■ Exercise objective:
Return exactly the lines below, starting with the one that has "Sunset Mountain Forest" and going on through the one that has "men's denim warm casual jacket".

■ Input for this task:
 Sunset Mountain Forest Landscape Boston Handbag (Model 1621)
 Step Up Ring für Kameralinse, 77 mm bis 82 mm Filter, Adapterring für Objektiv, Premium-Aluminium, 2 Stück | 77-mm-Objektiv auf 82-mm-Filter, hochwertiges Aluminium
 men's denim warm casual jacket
--
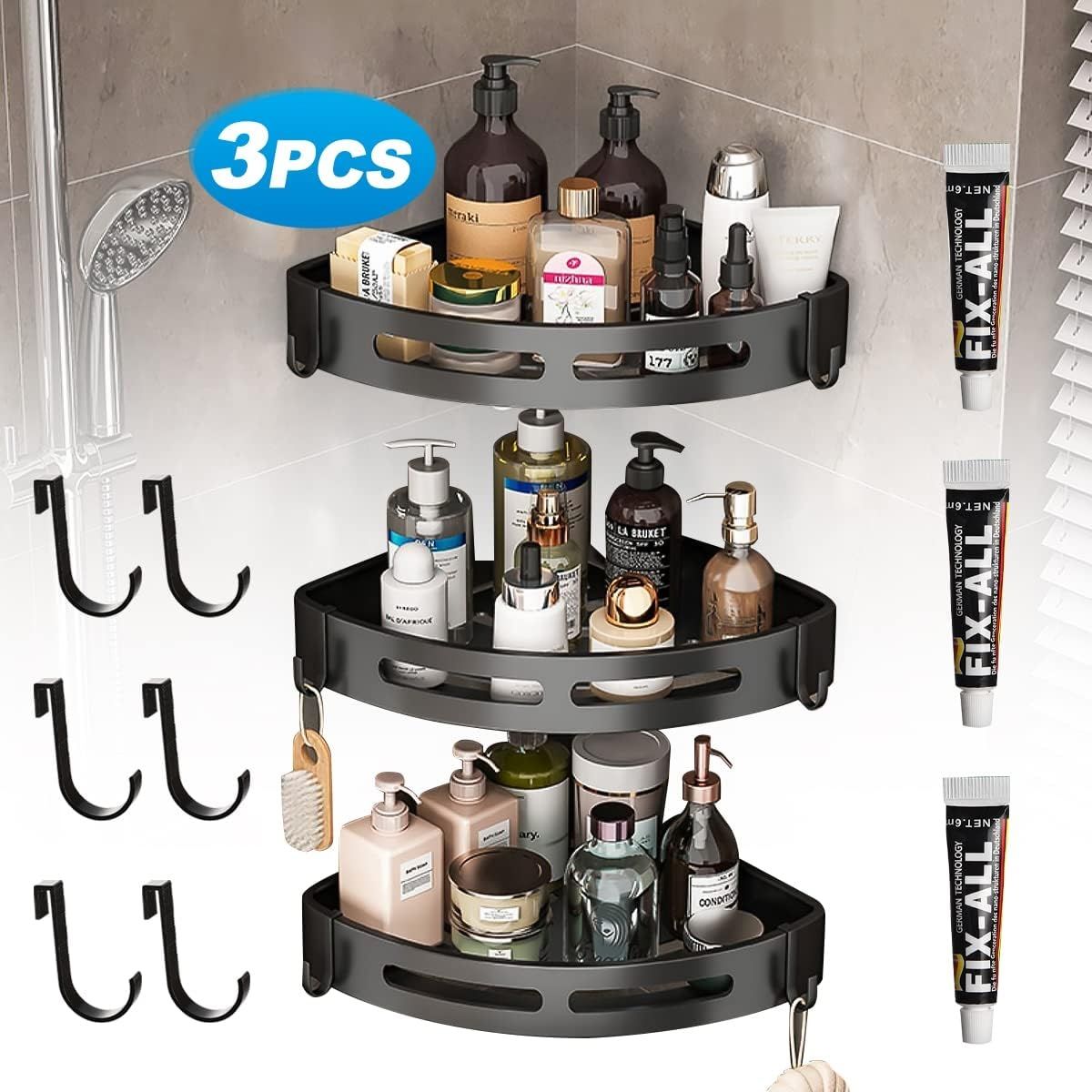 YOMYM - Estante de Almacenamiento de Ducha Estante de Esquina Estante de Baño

■ Output for this exercise:
 Sunset Mountain Forest Landscape Boston Handbag (Model 1621)
 Step Up Ring für Kameralinse, 77 mm bis 82 mm Filter, Adapterring für Objektiv, Premium-Aluminium, 2 Stück | 77-mm-Objektiv auf 82-mm-Filter, hochwertiges Aluminium
 men's denim warm casual jacket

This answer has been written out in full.